Pakistan can do something about India’s attractiveness: to develop itself. That is blocked by military’s control over politics. In a military-run Pakistan cannot make on development, especially human development, the top priority. It will never understand that national strength cannot be borrowed; it has to be developed. Only the people can make Pakistan strong, not the Army. Defence preparedness, not backed by domestic economic strength, is sure to be inadequate and brittle.

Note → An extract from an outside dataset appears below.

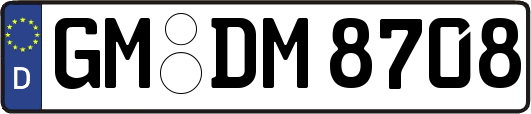 GM-DM8708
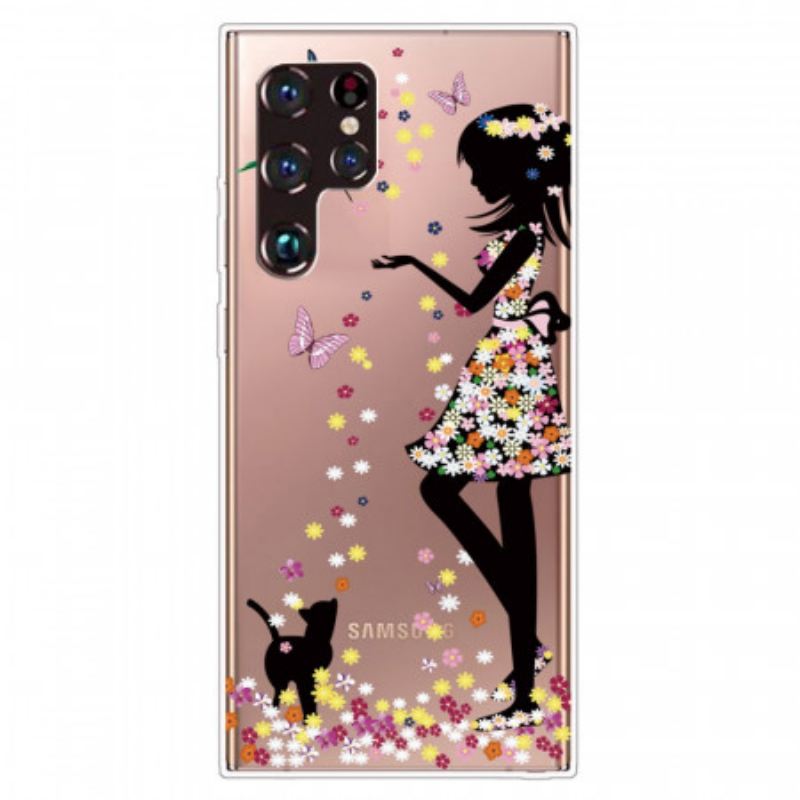 Maskica Samsung Galaxy S22 Ultra 5G Čarobna Žena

Other policies follow. Kashmir is for Kashmiris and they have to make their destiny themselves; Pakistan has no locus standi. That releases Pakistan from illusions. Let Pakistanis forget the pre-natal quarrels with the Hindu-domination and work out a new normal relationship with India. Pakistanis and Indians should be cooperative friends. Both can profit from free trade, economic cooperation, cultural exchanges and a regional framework of economic development that Saarc could become but is not. An eventual (political) entente should be the aim.

Things will become easier for all if only they can counteract the mischief that nuclear weapons by their very presence do. So long as Pakistani nukes exist no Indian government can trust Pakistan and similarly the Indian Bomb’s presence automatically negates India’s good intentions. Pakistani Bomb has not helped Pakistanis get either Kashmir or security; Indians were threatening to wipe out Pakistan no matter what its capability. The Bomb has not enhanced India’s stature; no one respects it as much as in Nehru’s days. Both are finally deadlocked with only one exit.

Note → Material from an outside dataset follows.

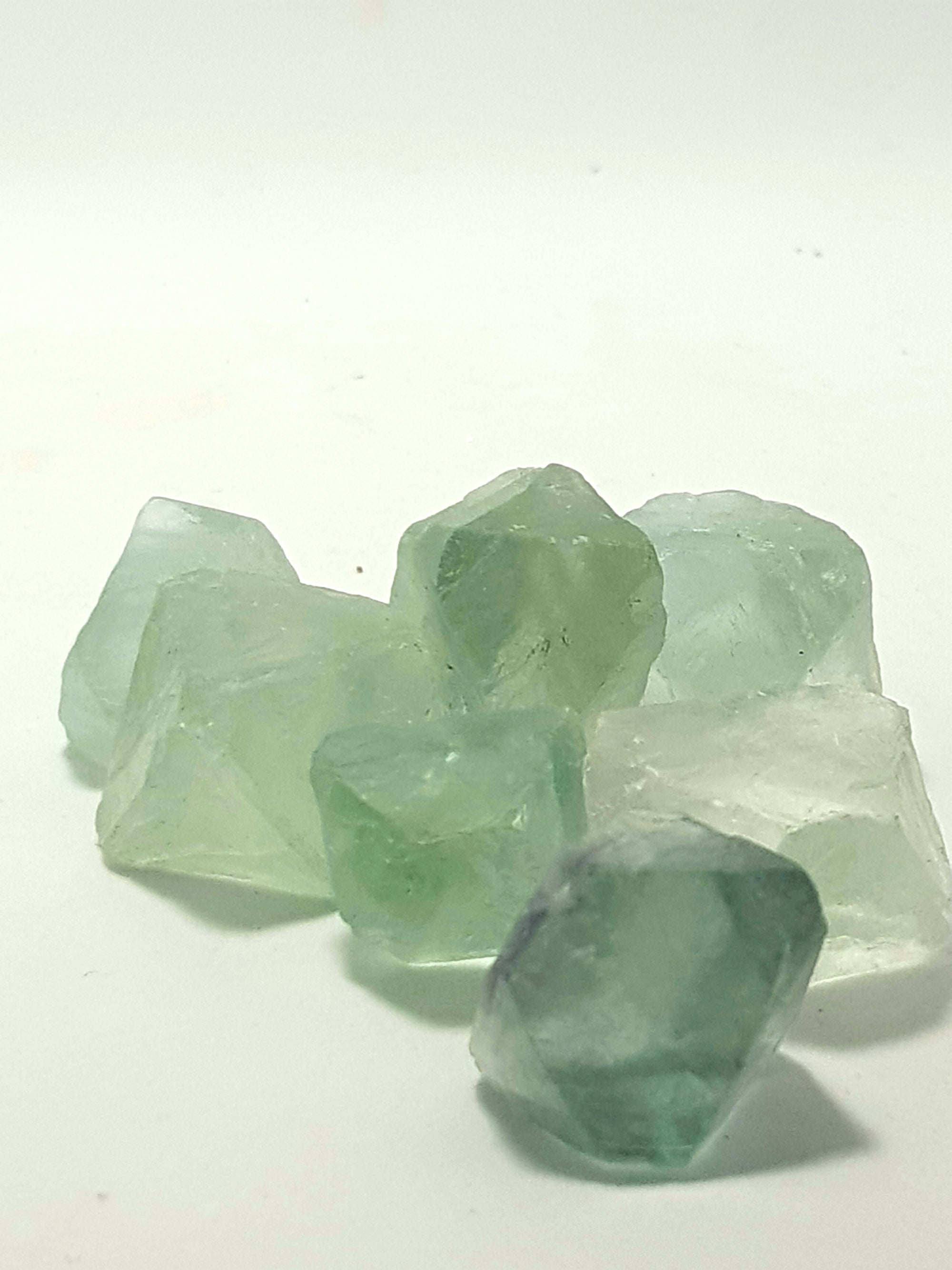 Fluorite octohedron - The Science of Magic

Nuclear Restraint and Nuclear Safe South Asia are vacuous schemes, mostly hot air; there have no relevance to India and Pakistan, with their present mental baggage. Peaceful ties require basic trust in each other’s intentions, which is absent. The only way out is through simultaneous and mutually verifiable nuclear disarmament. Only a Nuclear Weapons Free South Asia makes sense.

If free of Jihad commitment, Pakistan can give India MFN status, open up, start implementing SAPTA and SAFTA agreements, sign a non-aggression pact, engage in cultural exchanges, restore communications, dramatically relax visa restrictions and make Saarc a vital and vigorously growing reality. With these the stature of both will dramatically rise and others will show a different visage.